Ally Venable – Texas Honey | Album Review

Ally Venable – Texas Honey

Ruf Records 1267

11 songs – 38 minutes

www.allyvenable.com

Barely out of her teens and based out of Kilgore, Texas, guitarist/vocalist Ally Venable has been making quite a splash in the Lone Star State since debuting at age 12. Now just a few months into her 20s, she enlisted guitar slinger Mike Zito to produce this disc and fellow axe man Eric Gales to make a guest appearance.

Long before she released her first album, No Glass Shoes, in 2016, after growing up singing in church and listening to Stevie Ray Vaughan, Miranda Lambert and other fellow Texan firebrands, the blues rocker was making waves. She’s a five-time winner of the East Texas Music Awards, capturing top honors twice each as female guitarist and band of the year and another for best album

Her debut release placed in 16th position on the Blues Music Reports electric blues charts, and her second release, last year’s Puppet Show, debuted at No. 7 on Billboard’s blues listings and finished the year in the top ten on iTunes charts. A longhaired stunner, she’s made a major impact touring in support of Gales and Lance Lopez

Like the title infers, Venable’s pipes are pure Texas honey, but her incendiary fretwork packs quite a sting as she fronts a power trio anchored by Bobby Wallace on bass and Elijah Owings on percussion. Lewis Stephens contributes keyboards throughout this disc, which was recorded at Marz Studios in Nederland, Texas. Zito lends a hand on slide and rhythm guitars on three cuts and backing vocals on a fourth while Gales adds his guitar and singing talents on another.

Despite their presence, however, Venable is unquestionably the star throughout this collection of nine originals.

“Nowhere To Hide” powers out of the gate with a stop-time guitar run as Ally comes face-to-face with her own cold heart and the trouble it brings, noting: “I don’t know/What’s got a hold of me./But it’s something that/I can’t keep under my sleeve.” The intensity continues for before “Broken,” the realization that the uncaring attitude she displayed in dealing with a cheating lover was nothing but a sham.

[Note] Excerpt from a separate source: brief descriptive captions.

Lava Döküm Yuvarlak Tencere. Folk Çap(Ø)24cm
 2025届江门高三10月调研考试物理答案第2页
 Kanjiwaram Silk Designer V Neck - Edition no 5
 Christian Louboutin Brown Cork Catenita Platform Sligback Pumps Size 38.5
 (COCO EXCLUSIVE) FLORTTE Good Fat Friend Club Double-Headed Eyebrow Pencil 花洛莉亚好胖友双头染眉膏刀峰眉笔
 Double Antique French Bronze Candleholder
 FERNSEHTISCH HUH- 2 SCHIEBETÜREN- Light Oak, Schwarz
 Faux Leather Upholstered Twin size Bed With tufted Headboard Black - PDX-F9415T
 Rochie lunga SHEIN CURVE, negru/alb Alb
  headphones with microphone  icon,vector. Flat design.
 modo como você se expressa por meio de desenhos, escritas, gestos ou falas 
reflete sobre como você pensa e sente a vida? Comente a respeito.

The self-descriptive title tune, “Texas Honey,” is up next. It’s a cautionary stop-time pleaser that warns: “I’m gonna take all your sugar/I’m gonna take all your money/Cause there ain’t nothing sweet about/This Texas honey.” Zito makes his first appearance to help out on the ballad “Blind To Bad Love,” the realization that, like practically everyone else, Ally wants something or someone she can’t get.

Gales joins the action for “Come And Take It,” a steady-moving rocker that advises a wary prospective lover that he’d better come and take her – if he’s man enough. A cover of Stevie Ray’s “Love Struck Baby” before Zito gets space to shine on “One-Sided Misunderstanding,” which describes the ashes left at the end of a romance.

“White Flag,” which follows, confronts a repeated liar with the warning that it’s time to surrender, a message that continues in “Long Way Home,” which advises that it’s time for him to hit the road, a theme delivered from another point of view in “Running After You,” which states that, if he goes, Ally won’t follow. The album closes with a loping, bluesy take on “Careless Love,” the jazz standard first popularized by Buddy Bolden in New Orleans at the turn of the 20th Century.

Available through most major retailers, Texas Honey, is sweet to the core if you love blues rock that sticks close to the root. A powerful performance from a true young star on the ascendant.